The idea was to post all of the company's data on the mine—50 years worth of maps, reports, and raw geological information—along with software that displayed the data both in two dimensions and three dimensions. It would then invite scientists and engineers from anywhere in the world to download the data, analyze it as they saw fit, and submit drilling plans to Goldcorp, which would convene a blue-ribbon panel of judges to evaluate the submissions.
The goal would be to help the company find its next 6 million ounces of gold (an arbitrary number higher than the current 3 million ounces).
The prize was set at $500,000 to be divided among 25 semifinalists and 3 finalists chosen by the judges. Many executives at the company thought this was a big risk, someone could buy the land around the site, or maybe they would take a hit on reputation. McEwen addressed the company's geologists concerns—Goldcorp would not divulge the location of promising sites to see what others would find.
More than 1,400 “online prospectors” downloaded the data and more than 140 crunched the numbers and submitted detailed drilling plans. The best part came when they compared the award-winning submissions with Goldcorp's identified targets and they found that more than half were pointing to new sites.
What McEwan discovered running the challenge was that there are many disciplines and pathways to solving a problem—people used applied math, advanced physics, intelligent systems, and computer graphics. The challenge was a pivotal event in the history of the company.
In Abundance Diamandis and Kotler list other ways to harness the four motivators that drive innovation—the power of small groups, and the power of constraints.
Two-pizza teams
Anthropologist Margaret Mead says, “Never doubt that a small group of thoughtful, committed citizens can change the world.
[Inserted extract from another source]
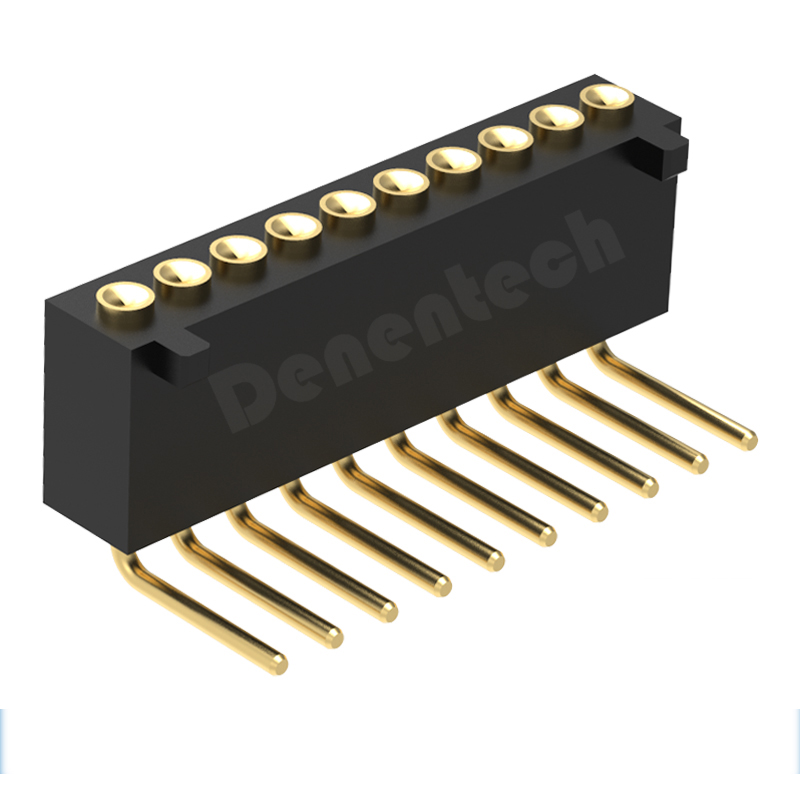 Denentech 精密环保 1.27MM弹簧针H4.0单排母座90度凹面带柱弯脚pogo pin探针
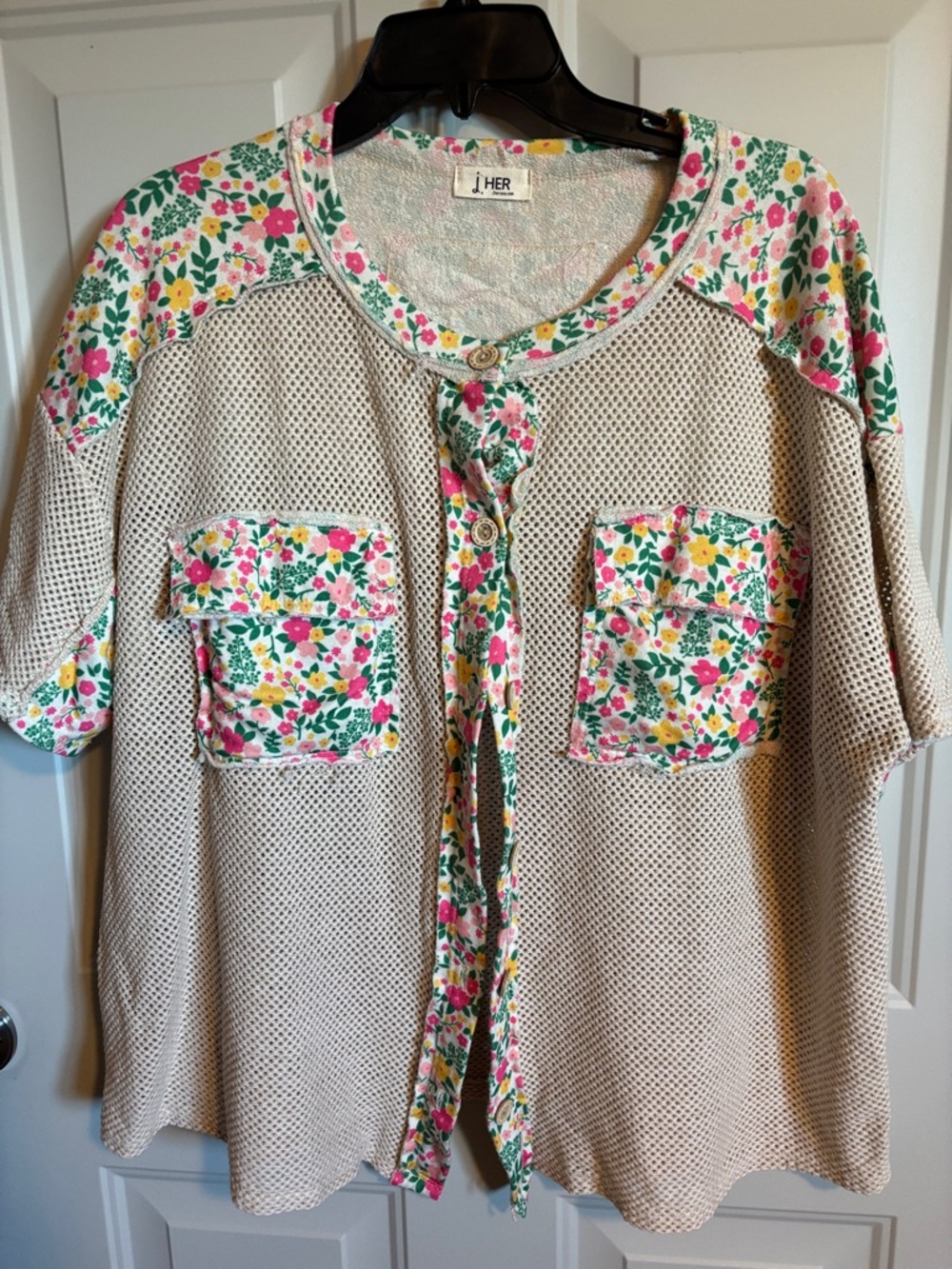 J HER Cream Floral-Trim Button Down Top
Indeed, it is the only thing that ever has.” With the commitment comes accountability and that is what makes a small team most motivated.
At a company's offsite meeting where Amazon employees talked about the need to communicate more, CEO Jeff Bezos used the famous two-pizza teams example to emphasize the need for higher accountability instead. When 5-7 people are responsible for managing a project, communication is much easier day to day.
Some of Amazon's most popular features were conceived by two-pizza teams—the Gold Box, a small animated icon of a treasure chest that used to wobble at the top of Amazon's home page with special offers (now the new & interesting finds), and the Bottom of the Page Deals (now today's deals).
Amazon used a single key business metric agreed by senior leadership and the team as its fitness metric to measure performance. While the company may not use this same method, it still considers accountability, autonomy, and ownership core to its business.
Team size is one example of constraints. Other limiting factors include project scope, time limits, and fixed prize winner. In a world filled with abundance of choices and connections, such constraints help us focus on what matters most, engaging creativity.
But there is another important way to think about constraints—good organizations that have good strategies learn to embrace the constraints they have. Innovators by definition break constraints. When Goldcorp made its data available to anyone in the world, they broke the old company's rules. They payoff was they hit pay dirt.
The difference between strategy and innovation is a major reason why innovative teams usually start small. The nature of physical constraints is however not limiting to human ingenuity and imagination—especially when grounded in a multidisciplinary approach.
Curiosity, fear, greed, and significance are the four natural motivators that drive innovation. Incentive competitions are the perfect construct to invite small teams to both embrace defined rules and break the constraints dictated by habit to open the door for breakthroughs.